The cost of a context-switch is reflected in cache misses once a thread is running again. (And stopping OoO exec from finding as much ILP right at the interrupt boundary). This cost is more significant than the cost of the kernel code that saves/restores registers. So even if there was a way to measure how much time the CPUs spent in kernel context-switch code (possible with perf record sampling profiler as long as your perf_event_paranoid setting allows recording kernel addresses), that wouldn't be an accurate reflection of the true cost.

Even making a system call has a similar (but lower and more frequent) performance cost from serializing OoO exec, as well as disturbing caches (and TLB). There's a useful characterization of this on real modern CPUs (from 2010) in a paper by Livio & Stumm, especially the graph on the first page of IPC (instructions per cycle) dropping after a system call returns, and taking time to recover: FlexSC: Flexible System Call Scheduling with Exception-Less System Calls. (Conference presentation: https://www.usenix.org/conference/osdi10/flexsc-flexible-system-call-scheduling-exception-less-system-calls)

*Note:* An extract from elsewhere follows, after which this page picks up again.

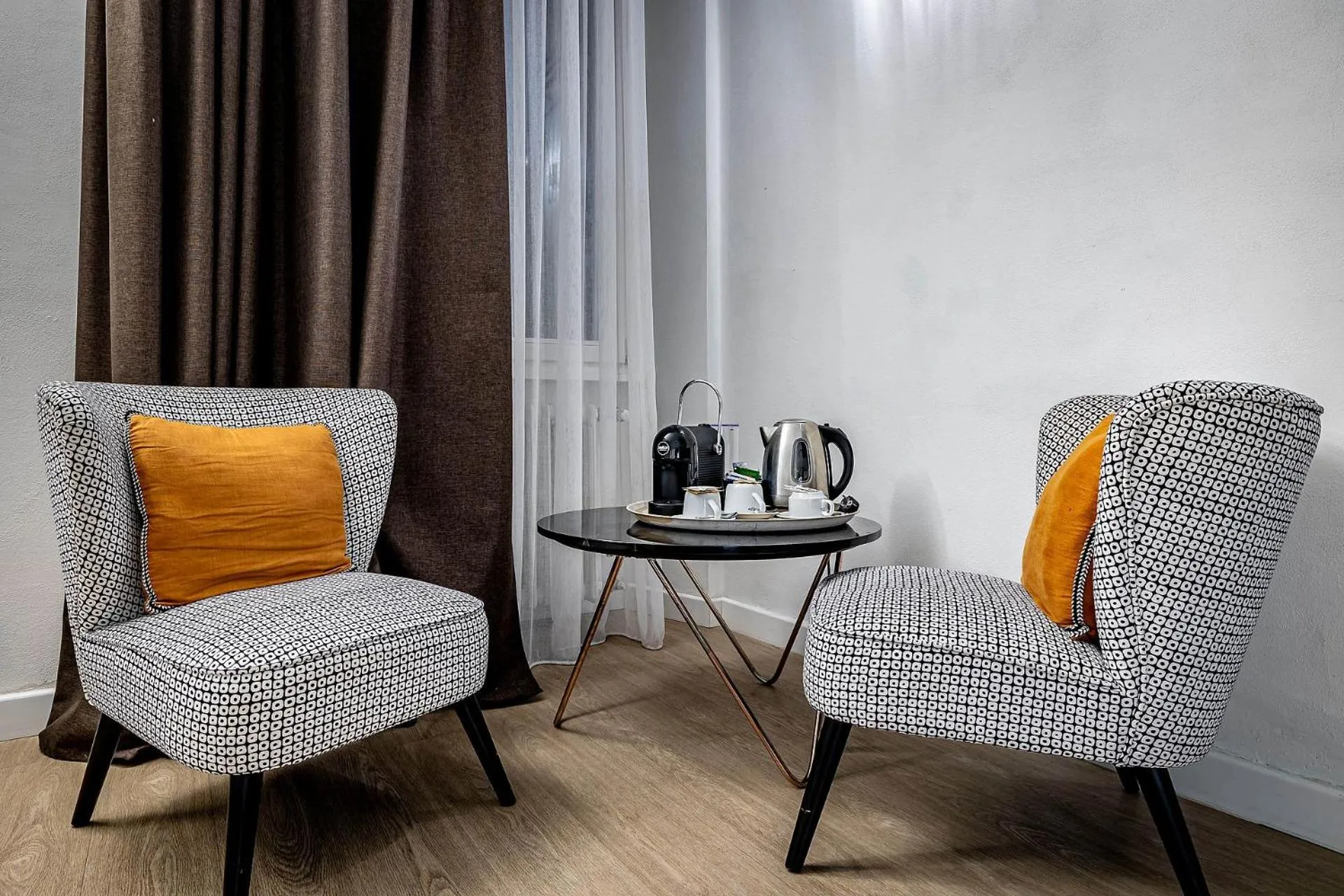 Coffee/tea facilities in Residenza D'Epoca Al Numero 8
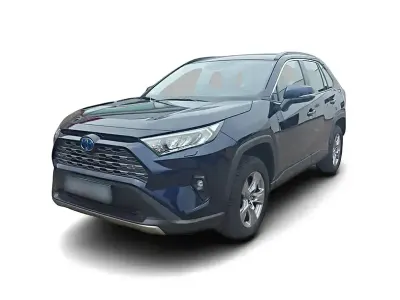 Gebraucht Toyota RAV4 Hybrid 2025 Blau SUV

You might estimate context-switch cost by running the program on a system with enough cores not to need to context-switch much at all (e.g. a big many-core Xeon or Epyc), vs. on fewer cores but with the same CPUs / caches / inter-core latency and so on. So, on the same system with taskset --cpu-list 0-8 ./program to limit how many cores it can use.

Look at the total user-space CPU-seconds used: the amount higher is the extra amount of CPU time needed because of slowdowns from context switched. The wall-clock time will of course be higher when the same work has to compete for fewer cores, but perf stat includes a "task-clock" output which tells you a total time in CPU-milliseconds that threads of your process spent on CPUs. That would be constant for the same amount of work, with perfect scaling to more threads, and/or to the same threads competing for more / fewer cores.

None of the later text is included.